# Cleaning out old gear



## Puck it (Jul 22, 2013)

Head RS100 27.5. These have been tweeked for a wide foot and ankle. $35 or Best offer.

2005 Head iRaces 177cm with Tyrolia FF17's - $150 or BO Great shape, No repair to bases

Fischer Prophetes 180cm - $150 or BO Great shape, No repair to bases. Drilled once for 317BSL Marker Dukes. They have quiver killers installed in them.

Head Monster(Red and Black) 88's 175cm with white Mojo 15's - These are the last year of the Monster series before Head ruined them and switched to the Peak series. $175 or BO Fair Shape Couple core shots repair still a lot of life in the ski.
​


----------



## Puck it (Aug 6, 2013)

Bumping to support the habit.


----------



## ScottySkis (Aug 6, 2013)

Same boots for sale what US shoe size are you?
Do you have pictures?


----------



## Puck it (Aug 6, 2013)

9.5 US.  I can take some if you are interested.


----------



## ScottySkis (Aug 6, 2013)

Puck it said:


> 9.5 US.  I can take some if you are interested.



Yes that would be great.


----------



## Puck it (Aug 6, 2013)

Scotty said:


> Yes that would be great.


 Sent u a PM.


----------



## ScottySkis (Aug 7, 2013)

Puck it said:


> Sent u a PM.



Are those good for a men size 8- 8.5, ?


----------



## Puck it (Aug 7, 2013)

They are a size 9.5.


----------



## ScottySkis (Aug 7, 2013)

Puck it said:


> They are a size 9.5.



How to I grow my foot, I guess my foot is to small.


----------



## Puck it (Aug 7, 2013)

I have been "Scotty'ed".


----------



## ScottySkis (Aug 7, 2013)

Puck it said:


> I have been "Scotty'ed".



Sorry I wish I had bigger feet.


----------



## Puck it (Aug 19, 2013)

Bumping again added another pair to the first post.


----------



## ScottySkis (Aug 19, 2013)

Puck it said:


> Bumping again added another pair to the first post.



Please tell more, my cousin just got back into skiing, he needs used stuff especially skis and boots but other stuff to.

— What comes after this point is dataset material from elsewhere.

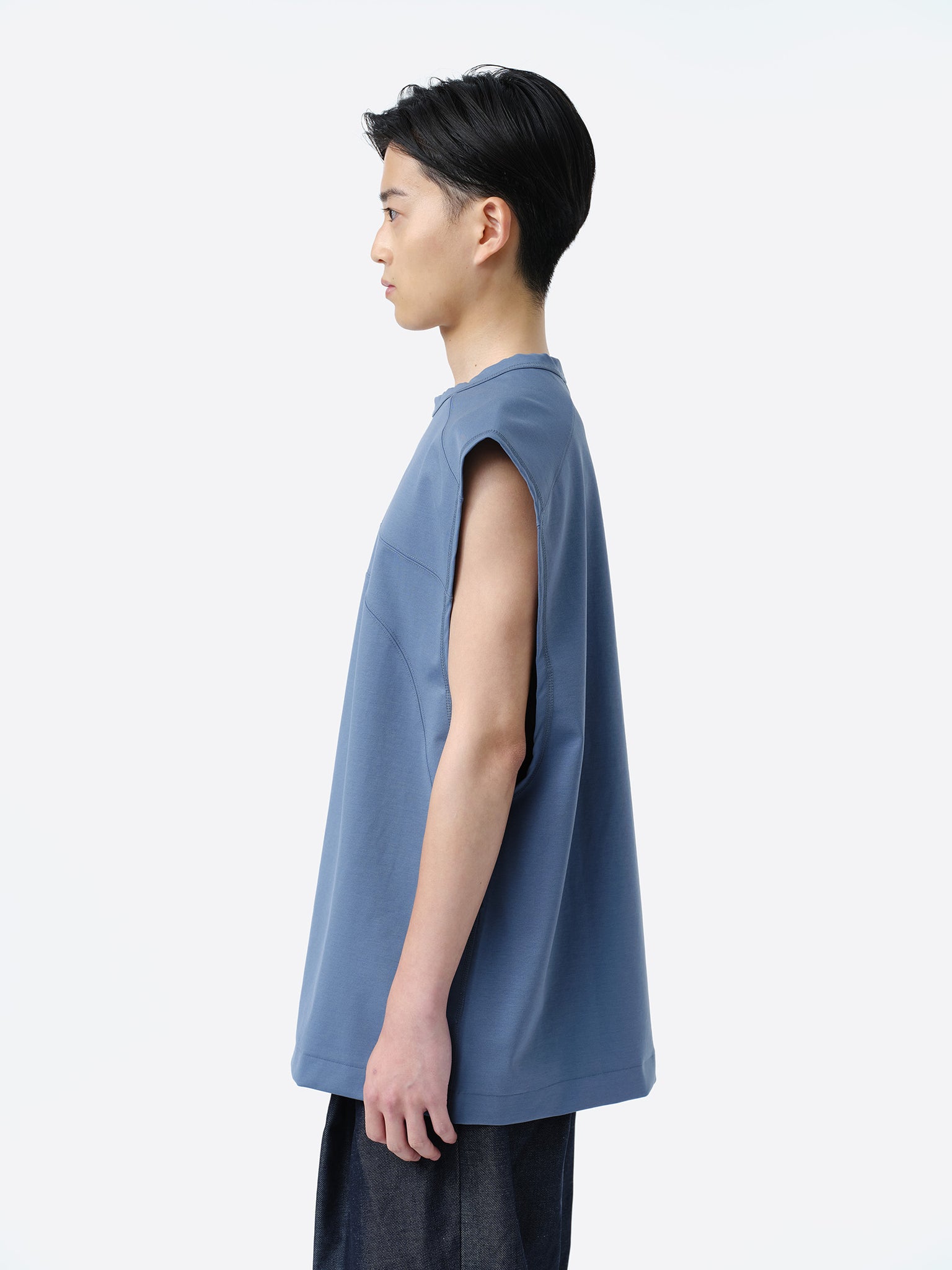 PANEL CUTTING SLEEVELESS CUT-SEW .11 [ASH BLUE]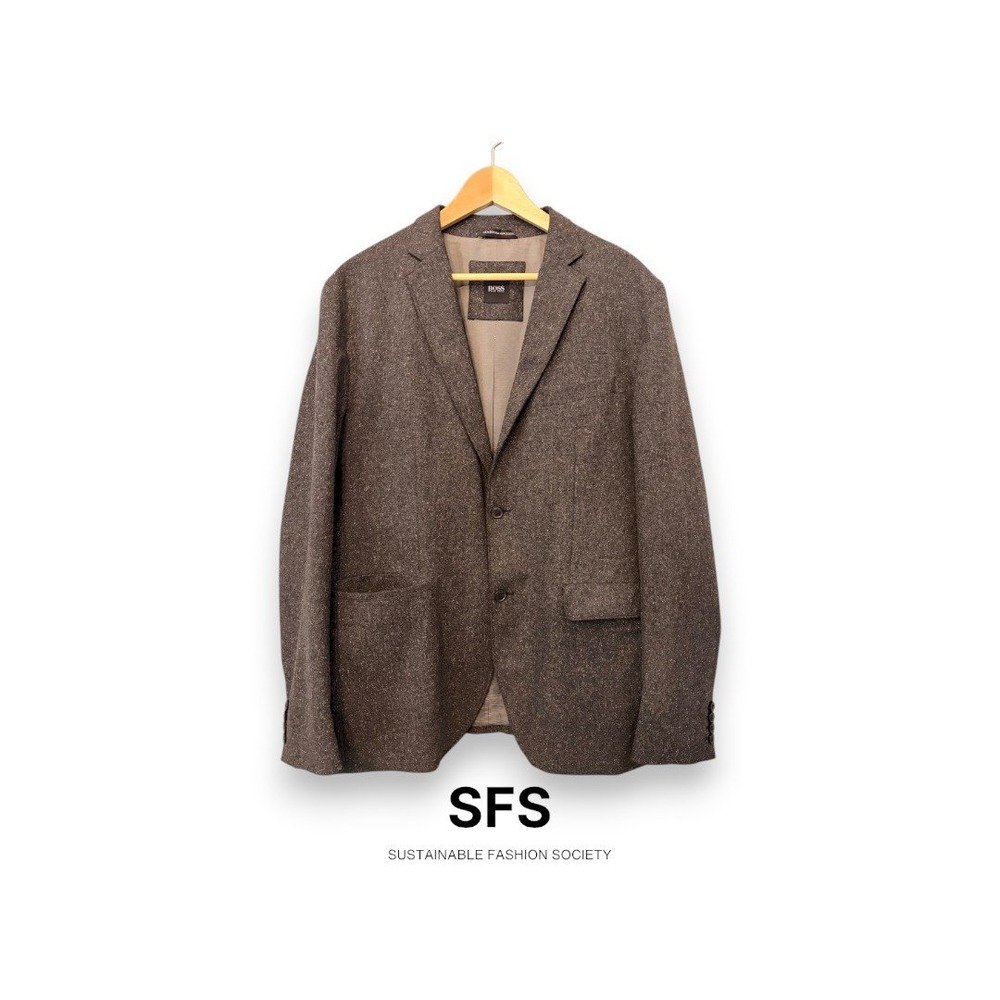 HUGO BOSS Miltey Silk Wool Tweed Blazer 44R Charcoal Gray Speckled Sport Coat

What do you got?


----------



## Puck it (Aug 19, 2013)

Scotty said:


> Please tell more, my cousin just got back into skiing, he needs used stuff especially skis and boots but other stuff to. What do you got?



What I have is above.


----------



## Puck it (Aug 20, 2013)

Bump.


----------



## ScottySkis (Aug 20, 2013)

Puck it said:


> What I have is above.



I will talk to my cousin he needs skis.


----------



## Cannonball (Aug 20, 2013)

Wait...could you explain what you have again and whether it will fit me.


----------



## Puck it (Aug 21, 2013)

Cannonball said:


> Wait...could you explain what you have again and whether it will fit me.


Yes


----------



## Puck it (Aug 26, 2013)

Bumping Prices lowered.


----------



## ScottySkis (Aug 26, 2013)

Puck it said:


> Bumping Prices lowered.



That is cheap.


----------



## Puck it (Aug 26, 2013)

Scotty said:


> That is cheap.



Did you find the pics in my gallery?


----------



## ScottySkis (Aug 26, 2013)

Puck it said:


> Did you find the pics in my gallery?



Yes your link worked great.


----------



## Puck it (Sep 18, 2013)

Puck it said:


> Head RS100 27.5. These have been tweeked for a wide foot and ankle. $35 or Best offer.
> 
> 2005 Head iRaces 177cm with Tyrolia FF17's - $150 or BO Great shape, No repair to bases
> 
> ...



Boots are gone.  Bumping for skis


----------